### What you will do
Each line below must be printed again exactly.

### Provided entries

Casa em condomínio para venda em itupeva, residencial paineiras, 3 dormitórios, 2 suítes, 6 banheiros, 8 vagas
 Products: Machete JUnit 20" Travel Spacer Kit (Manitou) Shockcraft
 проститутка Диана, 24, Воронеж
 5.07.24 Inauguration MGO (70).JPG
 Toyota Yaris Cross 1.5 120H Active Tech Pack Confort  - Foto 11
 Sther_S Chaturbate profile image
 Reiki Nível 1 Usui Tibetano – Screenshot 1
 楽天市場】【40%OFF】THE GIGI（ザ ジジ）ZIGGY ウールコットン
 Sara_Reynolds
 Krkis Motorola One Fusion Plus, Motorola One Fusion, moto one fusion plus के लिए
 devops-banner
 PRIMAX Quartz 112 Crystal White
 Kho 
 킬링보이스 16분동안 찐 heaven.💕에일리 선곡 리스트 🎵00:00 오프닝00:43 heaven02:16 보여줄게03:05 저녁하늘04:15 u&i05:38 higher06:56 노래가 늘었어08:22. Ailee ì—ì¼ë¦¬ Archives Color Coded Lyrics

### Expected output
Casa em condomínio para venda em itupeva, residencial paineiras, 3 dormitórios, 2 suítes, 6 banheiros, 8 vagas
 Products: Machete JUnit 20" Travel Spacer Kit (Manitou) Shockcraft
 проститутка Диана, 24, Воронеж
 5.07.24 Inauguration MGO (70).JPG
 Toyota Yaris Cross 1.5 120H Active Tech Pack Confort  - Foto 11
 Sther_S Chaturbate profile image
 Reiki Nível 1 Usui Tibetano – Screenshot 1
 楽天市場】【40%OFF】THE GIGI（ザ ジジ）ZIGGY ウールコットン
 Sara_Reynolds
 Krkis Motorola One Fusion Plus, Motorola One Fusion, moto one fusion plus के लिए
 devops-banner
 PRIMAX Quartz 112 Crystal White
 Kho 
 킬링보이스 16분동안 찐 heaven.💕에일리 선곡 리스트 🎵00:00 오프닝00:43 heaven02:16 보여줄게03:05 저녁하늘04:15 u&i05:38 higher06:56 노래가 늘었어08:22. Ailee ì—ì¼ë¦¬ Archives Color Coded Lyrics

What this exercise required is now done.